◆ What is needed
Starting with the line with "S.H.Figuarts Kamen Rider" in the entries below and going on through the line with "Drew & Jonathan", output every line exactly and nothing more. No pictures.

◆ Available records
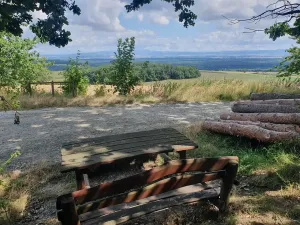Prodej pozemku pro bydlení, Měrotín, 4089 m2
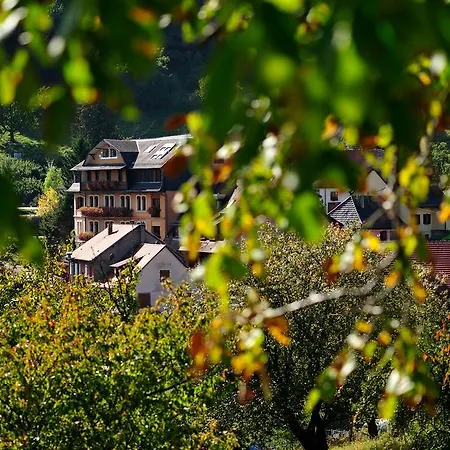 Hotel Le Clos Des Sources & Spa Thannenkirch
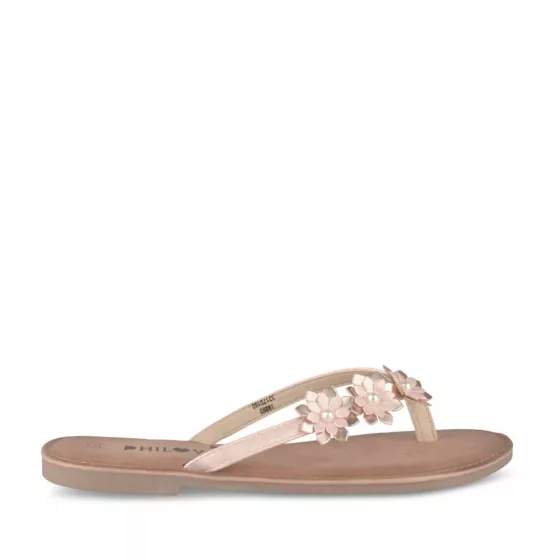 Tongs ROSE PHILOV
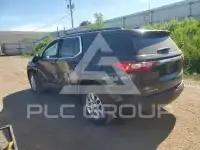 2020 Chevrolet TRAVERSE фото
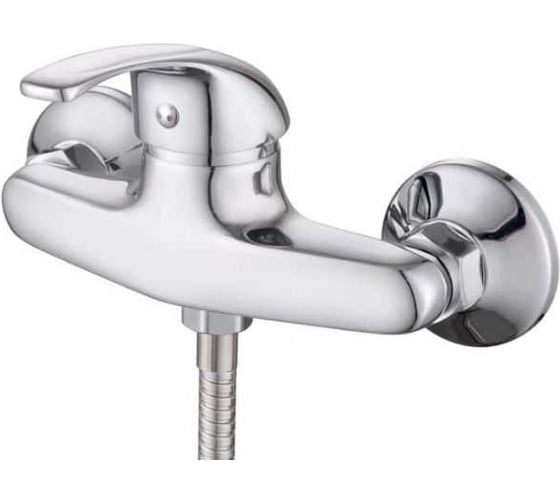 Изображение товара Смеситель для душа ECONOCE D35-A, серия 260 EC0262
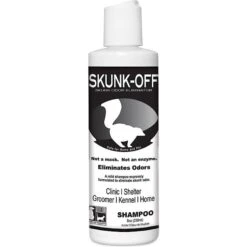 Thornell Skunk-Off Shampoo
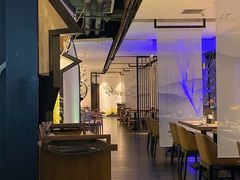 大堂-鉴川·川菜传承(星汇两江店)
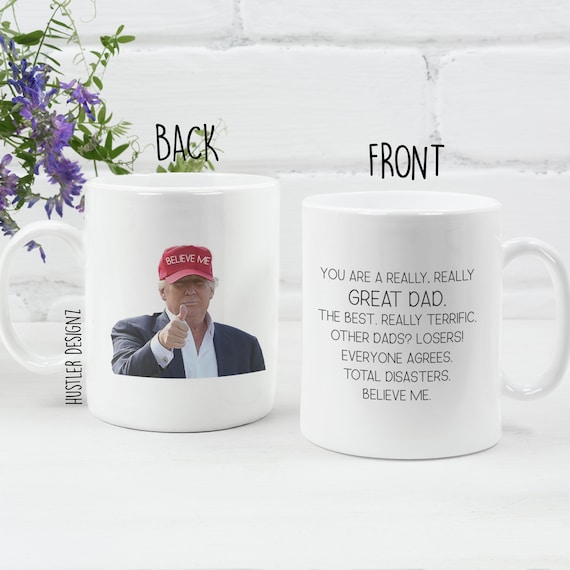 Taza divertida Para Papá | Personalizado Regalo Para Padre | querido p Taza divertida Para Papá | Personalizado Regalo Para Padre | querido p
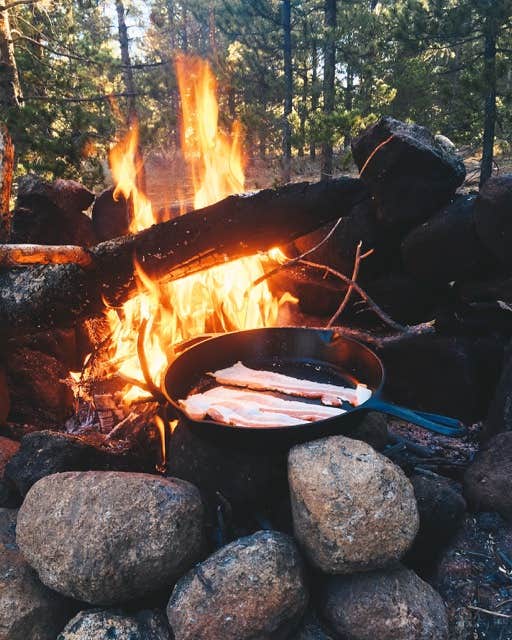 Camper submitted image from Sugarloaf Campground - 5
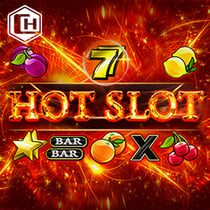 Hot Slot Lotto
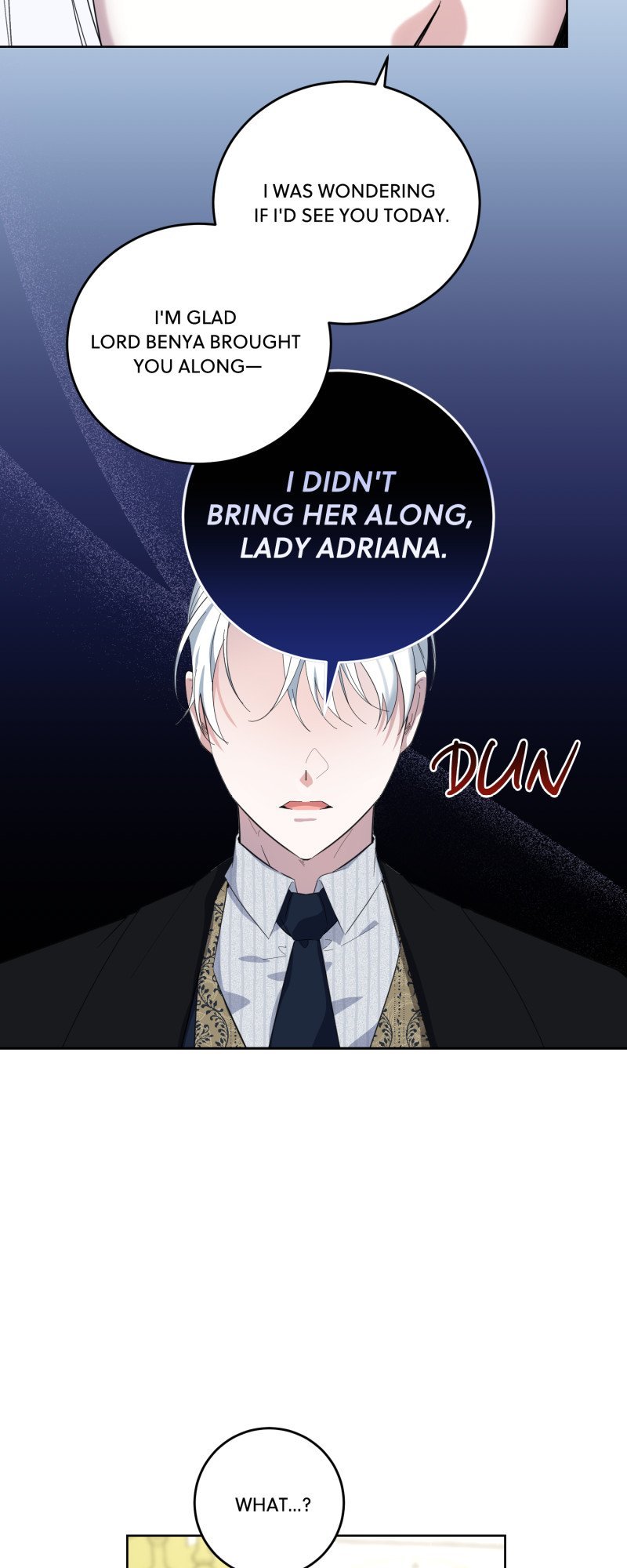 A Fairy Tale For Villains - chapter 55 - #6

---

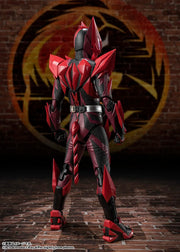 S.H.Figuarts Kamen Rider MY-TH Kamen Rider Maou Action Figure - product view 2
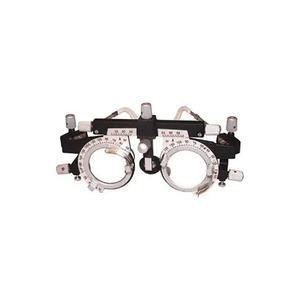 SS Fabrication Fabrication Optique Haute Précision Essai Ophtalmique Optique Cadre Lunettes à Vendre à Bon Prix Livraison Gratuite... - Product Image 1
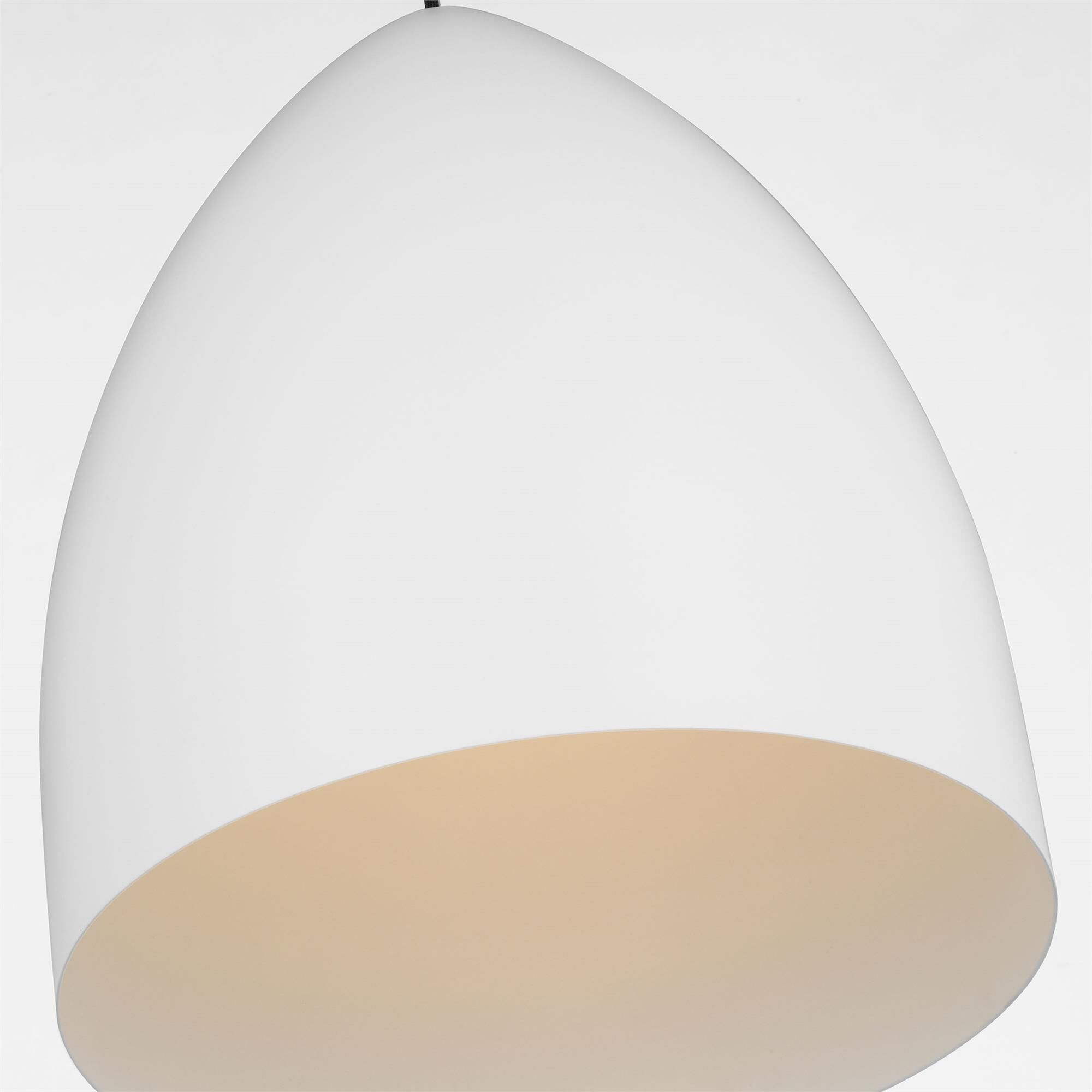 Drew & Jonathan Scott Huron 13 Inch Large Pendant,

* * *

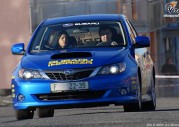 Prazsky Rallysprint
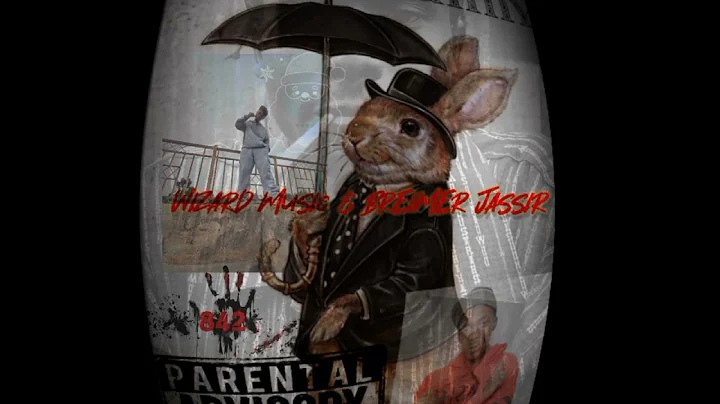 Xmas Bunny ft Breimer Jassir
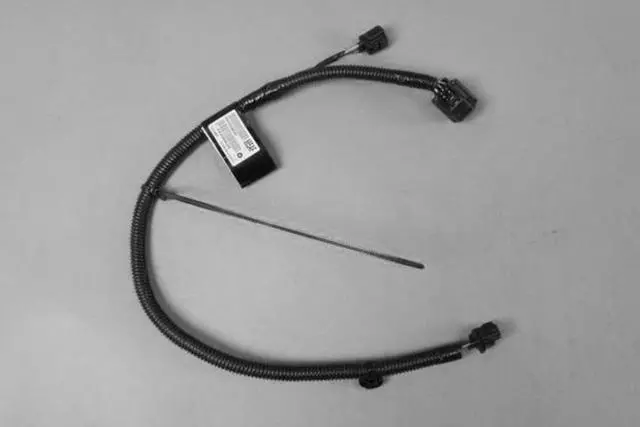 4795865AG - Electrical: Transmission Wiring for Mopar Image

◆ Response to the task
 S.H.Figuarts Kamen Rider MY-TH Kamen Rider Maou Action Figure - product view 2
 SS Fabrication Fabrication Optique Haute Précision Essai Ophtalmique Optique Cadre Lunettes à Vendre à Bon Prix Livraison Gratuite... - Product Image 1
 Drew & Jonathan Scott Huron 13 Inch Large Pendant,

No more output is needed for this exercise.